(Short text fragments from websites)
-- Opening Marker --

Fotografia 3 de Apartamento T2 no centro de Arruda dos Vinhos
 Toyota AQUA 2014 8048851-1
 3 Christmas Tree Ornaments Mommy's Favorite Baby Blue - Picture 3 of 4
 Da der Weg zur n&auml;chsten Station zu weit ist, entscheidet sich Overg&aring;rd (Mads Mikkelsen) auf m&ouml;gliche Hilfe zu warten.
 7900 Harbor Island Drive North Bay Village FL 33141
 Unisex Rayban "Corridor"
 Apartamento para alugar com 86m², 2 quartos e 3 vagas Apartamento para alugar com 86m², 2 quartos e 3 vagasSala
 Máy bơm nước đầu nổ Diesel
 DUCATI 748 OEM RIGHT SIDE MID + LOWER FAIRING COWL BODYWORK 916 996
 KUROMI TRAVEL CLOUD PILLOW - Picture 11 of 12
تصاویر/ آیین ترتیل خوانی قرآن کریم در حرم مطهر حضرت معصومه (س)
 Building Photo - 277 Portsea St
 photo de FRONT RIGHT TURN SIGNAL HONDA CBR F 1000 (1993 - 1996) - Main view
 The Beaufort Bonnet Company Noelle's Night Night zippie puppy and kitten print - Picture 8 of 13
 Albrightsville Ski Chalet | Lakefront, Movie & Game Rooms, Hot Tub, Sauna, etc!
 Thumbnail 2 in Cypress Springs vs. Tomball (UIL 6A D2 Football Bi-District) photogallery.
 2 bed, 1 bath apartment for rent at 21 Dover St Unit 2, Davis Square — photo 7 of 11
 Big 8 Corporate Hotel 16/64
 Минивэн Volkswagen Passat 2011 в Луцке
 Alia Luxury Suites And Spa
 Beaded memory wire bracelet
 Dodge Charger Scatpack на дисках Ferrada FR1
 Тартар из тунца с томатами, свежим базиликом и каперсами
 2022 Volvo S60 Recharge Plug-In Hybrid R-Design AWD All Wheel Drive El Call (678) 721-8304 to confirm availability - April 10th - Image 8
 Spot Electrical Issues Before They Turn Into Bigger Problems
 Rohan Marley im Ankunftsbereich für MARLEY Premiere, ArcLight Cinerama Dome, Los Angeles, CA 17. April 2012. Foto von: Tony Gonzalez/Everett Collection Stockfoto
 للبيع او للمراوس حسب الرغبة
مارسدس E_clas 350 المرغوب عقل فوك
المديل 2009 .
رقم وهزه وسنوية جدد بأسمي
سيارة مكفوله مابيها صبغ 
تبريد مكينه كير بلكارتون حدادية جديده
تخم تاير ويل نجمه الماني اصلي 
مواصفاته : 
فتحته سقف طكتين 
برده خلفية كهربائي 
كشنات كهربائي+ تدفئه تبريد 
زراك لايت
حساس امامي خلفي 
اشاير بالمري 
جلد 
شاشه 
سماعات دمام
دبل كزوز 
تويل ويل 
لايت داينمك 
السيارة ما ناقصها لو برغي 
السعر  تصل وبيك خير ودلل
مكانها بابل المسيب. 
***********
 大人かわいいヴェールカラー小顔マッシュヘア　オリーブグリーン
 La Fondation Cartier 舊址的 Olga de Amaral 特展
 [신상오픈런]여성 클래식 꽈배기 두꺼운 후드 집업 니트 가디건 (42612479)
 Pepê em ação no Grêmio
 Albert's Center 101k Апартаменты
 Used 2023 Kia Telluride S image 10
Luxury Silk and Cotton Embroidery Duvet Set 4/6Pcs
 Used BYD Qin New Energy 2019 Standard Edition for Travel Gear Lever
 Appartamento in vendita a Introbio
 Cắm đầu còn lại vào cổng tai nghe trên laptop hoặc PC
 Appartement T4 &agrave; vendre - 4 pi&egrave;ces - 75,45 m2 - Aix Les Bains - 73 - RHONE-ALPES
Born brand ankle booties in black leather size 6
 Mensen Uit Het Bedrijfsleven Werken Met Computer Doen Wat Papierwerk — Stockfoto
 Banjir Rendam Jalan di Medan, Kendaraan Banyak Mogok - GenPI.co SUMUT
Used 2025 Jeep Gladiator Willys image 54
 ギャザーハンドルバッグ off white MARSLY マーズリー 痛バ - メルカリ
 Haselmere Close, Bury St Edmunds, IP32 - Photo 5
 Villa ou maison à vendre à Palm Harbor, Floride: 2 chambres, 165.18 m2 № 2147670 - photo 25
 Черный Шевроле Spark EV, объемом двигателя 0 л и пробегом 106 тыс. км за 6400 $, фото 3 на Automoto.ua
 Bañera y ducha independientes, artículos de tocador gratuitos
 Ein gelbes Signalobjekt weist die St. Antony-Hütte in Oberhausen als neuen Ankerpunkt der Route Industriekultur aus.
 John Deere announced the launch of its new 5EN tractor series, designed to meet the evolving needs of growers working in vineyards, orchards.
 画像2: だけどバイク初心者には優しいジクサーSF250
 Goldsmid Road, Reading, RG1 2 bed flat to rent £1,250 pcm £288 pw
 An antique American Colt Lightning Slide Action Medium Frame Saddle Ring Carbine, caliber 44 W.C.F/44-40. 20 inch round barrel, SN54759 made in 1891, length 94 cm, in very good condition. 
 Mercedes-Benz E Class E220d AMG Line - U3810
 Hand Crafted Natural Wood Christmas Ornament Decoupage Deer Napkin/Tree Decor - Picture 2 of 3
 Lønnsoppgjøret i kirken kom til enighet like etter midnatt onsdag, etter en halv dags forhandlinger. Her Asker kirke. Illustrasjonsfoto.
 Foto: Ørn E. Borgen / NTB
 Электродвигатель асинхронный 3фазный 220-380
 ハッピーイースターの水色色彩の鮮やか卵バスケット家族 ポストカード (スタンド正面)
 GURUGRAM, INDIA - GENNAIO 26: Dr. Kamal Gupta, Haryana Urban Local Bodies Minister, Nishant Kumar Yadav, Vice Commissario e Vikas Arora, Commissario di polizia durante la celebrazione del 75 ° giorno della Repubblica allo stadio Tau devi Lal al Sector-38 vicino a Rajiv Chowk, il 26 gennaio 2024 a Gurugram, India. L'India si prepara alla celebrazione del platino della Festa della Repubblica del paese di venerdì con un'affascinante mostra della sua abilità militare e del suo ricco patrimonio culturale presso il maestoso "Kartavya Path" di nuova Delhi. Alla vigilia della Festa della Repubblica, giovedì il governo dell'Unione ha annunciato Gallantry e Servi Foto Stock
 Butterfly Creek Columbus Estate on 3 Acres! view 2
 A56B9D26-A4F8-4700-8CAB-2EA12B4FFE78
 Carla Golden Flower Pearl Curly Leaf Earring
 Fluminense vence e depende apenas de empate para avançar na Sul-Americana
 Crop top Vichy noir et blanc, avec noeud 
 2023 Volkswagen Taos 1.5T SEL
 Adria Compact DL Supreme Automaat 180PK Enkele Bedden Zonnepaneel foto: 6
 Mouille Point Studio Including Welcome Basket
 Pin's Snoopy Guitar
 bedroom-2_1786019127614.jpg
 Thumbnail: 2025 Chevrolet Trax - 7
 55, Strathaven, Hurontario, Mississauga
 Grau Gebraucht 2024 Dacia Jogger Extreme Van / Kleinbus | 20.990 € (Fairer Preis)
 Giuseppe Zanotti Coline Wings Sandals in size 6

-- Closing Marker --

Extract every line containing the string "Tree" from the data above.

 3 Christmas Tree Ornaments Mommy's Favorite Baby Blue - Picture 3 of 4
 Hand Crafted Natural Wood Christmas Ornament Decoupage Deer Napkin/Tree Decor - Picture 2 of 3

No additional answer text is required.